The column features some blatant exaggerations and ‘driving a truck through the gap’ kind of assertions. The GDP growth slowdown on account of demonetisation is one of them when the biggest elephant in the room is that of bad debt in banks and corporate sector’s inability to invest.

GDP growth overstatement is a problem but that applies data prior to 2014 as well. It is a methodological issue after the base year was revised and other revisions to calculations made.

Wait! Why am I writing about GDP and domestic issues while blogging on an article that was supposedly on foreign policy. Well, that is precisely the point. In accusing Modi government of using foreign policy for domestic political goals, he falls into the same trap.

But, the article is about foreign policy errors and it should have stuck to that theme. It is Mr. Gupta’s willingness and inclination to make an omnibus statement out of a valid and relevant issue that raises doubts on the correctness of some of his assertions and
interpretations on his core topic – foreign policy.

At this stage, his point about Mr. Trump having become ‘cool’ towards India is well made and should be well taken. But, one should not make much out of it. Not yet. Mr. Trump’s focus is clearly on other issues and priorities, including the mid-term elections. India might be getting caught in the cross fire, for now.

So, on two core issues, Mr. Gupta actually concedes that the issues were outside Modi’s control – China and US behaviour.

His core points are domestic chest-thumping on so-called external successes, erroneous decisions on trade issues with the United States, on the lack of effective military build-up, change of Defence Ministers (four in four years) along with issues of competence, etc. Some of these points are well-made, substantiated and some are merely asserted.

For example, he writes,

The Chinese make three warships per year. We struggle to make one in three and still take a couple more to fit missiles and sensors on it. After much noise over Make in India and private sector, our achievement is a big cipher.

A friend of mine did some digging and sent me information that “the Indian Navy has added 3 destroyers (1 each in 2014,2015 and 2016) / total fleet is 11 destroyers. They have also added 3 frigates (1 each in 2014, 2016 and 2017)/ total fleet is 16. So it is not 1 ship every 3 years but 2 ships every year. You can see here and here.

Overall, it could have been a very thoughtful, serious and scholarly critique, even within the limited framework of a newspaper column but manages to fall well short of it.

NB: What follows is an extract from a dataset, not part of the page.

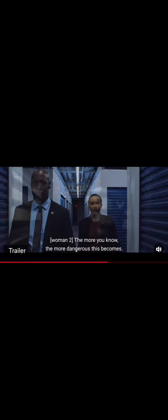The more you know, the more dangerous this becomes. You have no idea what you're getting into.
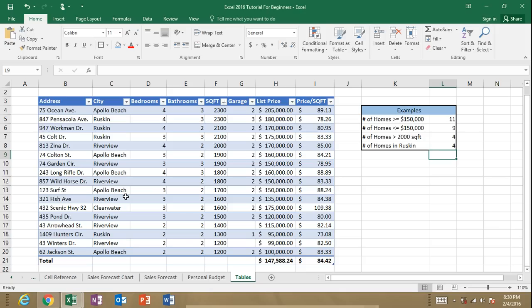So there you kind of get an idea of what the COUNTIF function is used for. Just, you know, search around on the Internet. Microsoft, on their Office Help page, they have a good explanation of the COUNTIF function. Certain errors, certain problems you may come across. So be sure to refer to that. I'll put the link in the description.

In that sense, it is remarkable that it shares a large similarity with the subject matter of the article itself:

(1) It mixes up issues and loses focus – as he says India’s foreign policy did

(2) It confuses loudness for effectiveness

The second is a very Indian failing too.

Hence, the header of the article: Shekar Gupta’s Self-Goal.

2 thoughts on “SG’s SG

  1. Hi Anantha, I find Brahma Chellaney s critique of the government’s foreign policy very sensible . His analysis of the doklam stand off, Indian government’s pussilanimous stance on towing the American position in Iran, China’s advance in Nepal, Maldives and disdainful refusal to follow international water treaties and India’s weak response thereof etc are all worthy reads and critical of the government’s foreign policy stance. If you have a chance to go thru his blog do respond with your take and counterpoint on the same.